Size and porosity effects on thermal conductivity of nanoporous material with an extension to nanoporous particles embedded in a host matrix

• Original extended irreversible thermodynamic model for thermal conductivity in nanoporous systems.
• Validation by experimental data and comparison with five other models.
• Physical interpretation of size and porosity dependence of the thermal conductivity.

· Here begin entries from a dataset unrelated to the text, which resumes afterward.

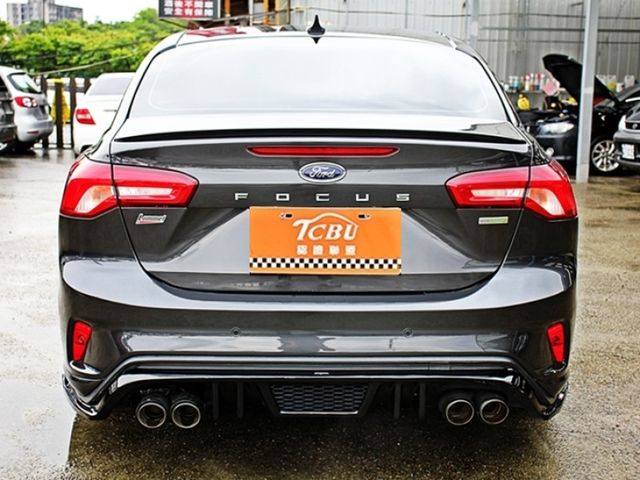 超帥絕版美車 美女闆娘一手車原廠保養無煙車 Boss音響 電動椅 自動輔助駕駛 車道徧移 I-Key 互聯網影音系統 盲點偵測 抬頭顯示器 防滑系統 霧燈 鋁圈  前後雷達內外氣氛超美 全車檢查整備完成無漏油待修???? 全額貸款低利分期輕鬆入主 SAVE認證美車 車況超優  歡迎來店賞車試乘  第2張相片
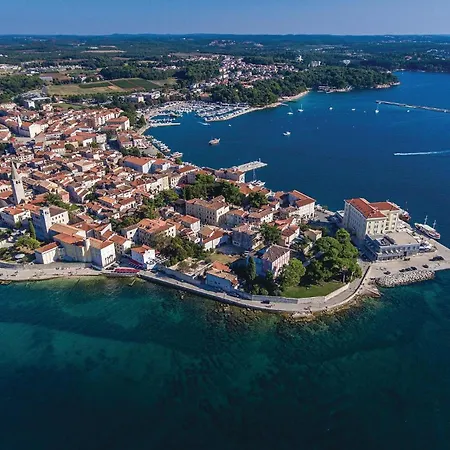 Stunning In Novigrad With Swimming Pool Ferienhaus Novigrad Istria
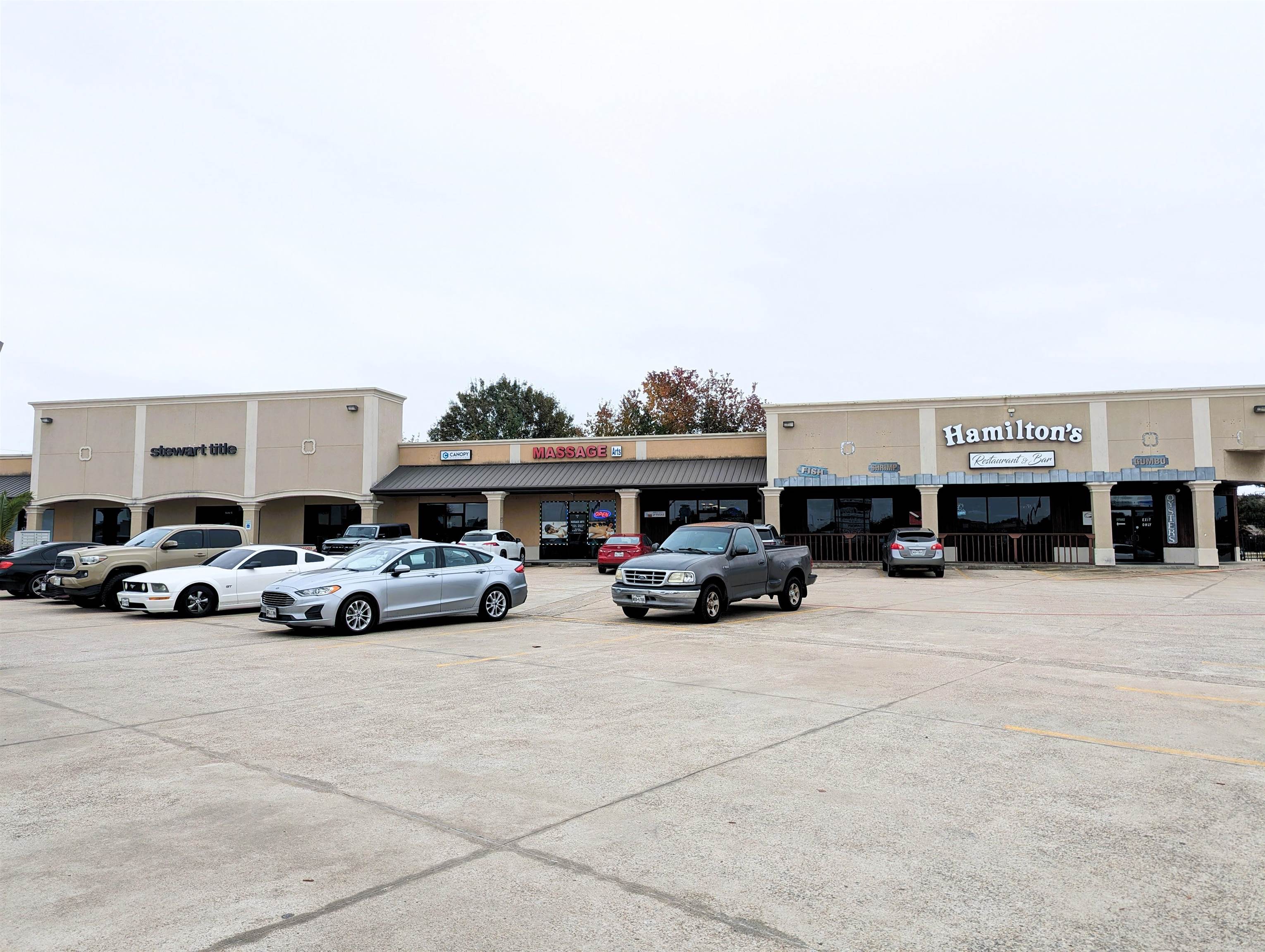 8460 Central Mall Drive — photo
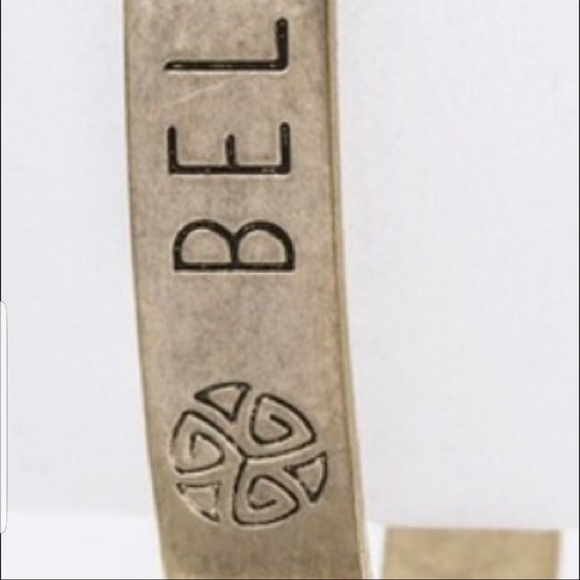 🌟LAST ONE!🌟 "BELIEVE" Gold Bangle Bracelet - Picture 3 of 5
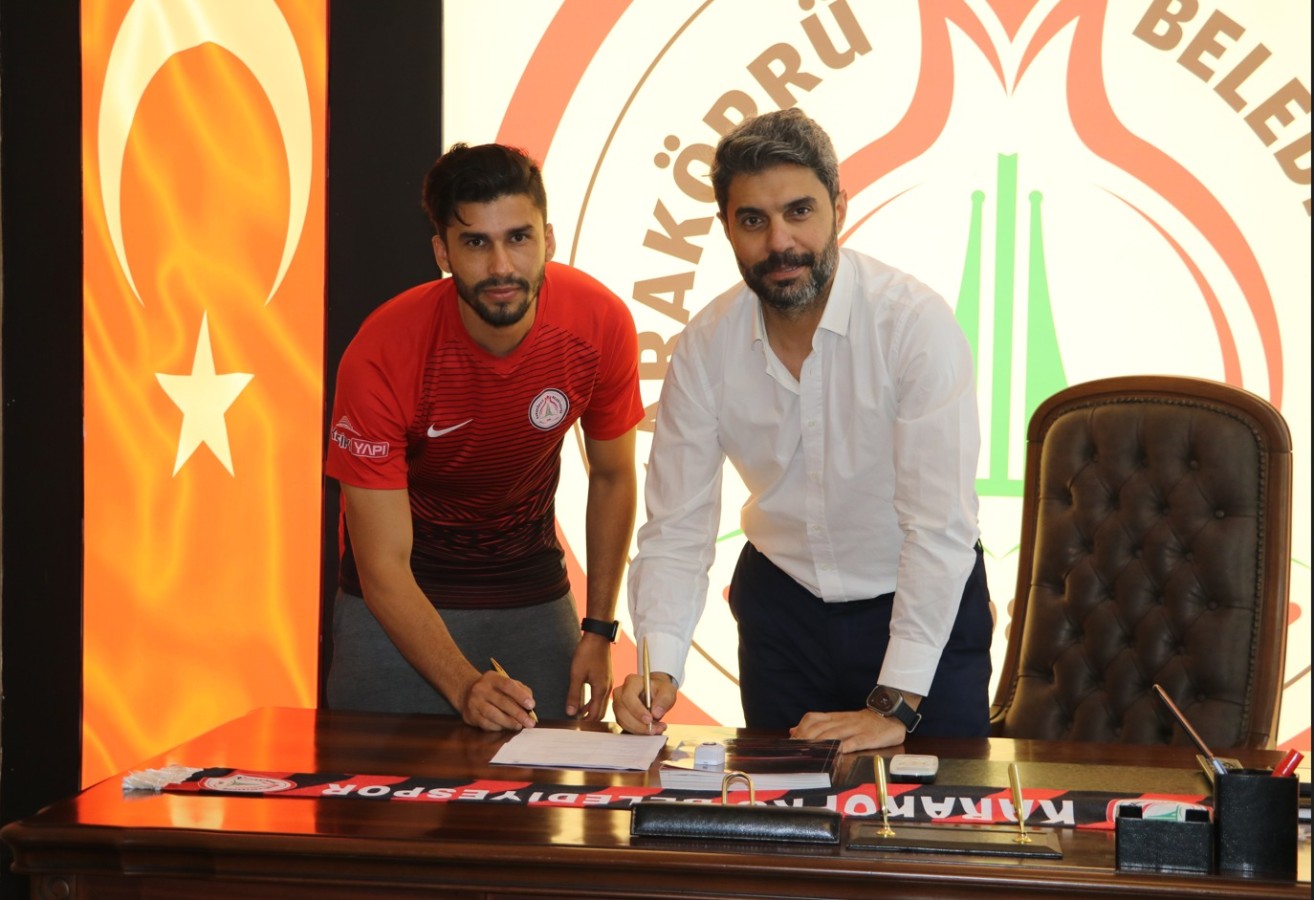 Karakprüspor’dan orta sahaya takviye!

• Extension to porous nanocomposites.

A formula for the effective thermal conductivity of nanoporous media is derived, following a thermodynamic approach. An extension to nanocomposites composed of a homogeneous matrix wherein porous nanoparticles are dispersed is proposed as well. The originality of the model is that it is based on extended irreversible thermodynamics, a theory specifically designed for sub-scaled systems. Two different situations are discussed: in the first one, nanoporous silicon with spherical porous inclusions of micro-, meso- and macro-dimension respectively is considered. The description is validated by comparison with experimental data and five other models. Analysis of the results shows an excellent agreement of our theoretical approach with experiments in the whole range of porous radii, from 2 to 100 nm. In the second part of the work, thermal conductivity of porous silicon nanoparticles embedded in a germanium host matrix is investigated. The coupled influence of the pore and nanoparticles sizes is emphasized.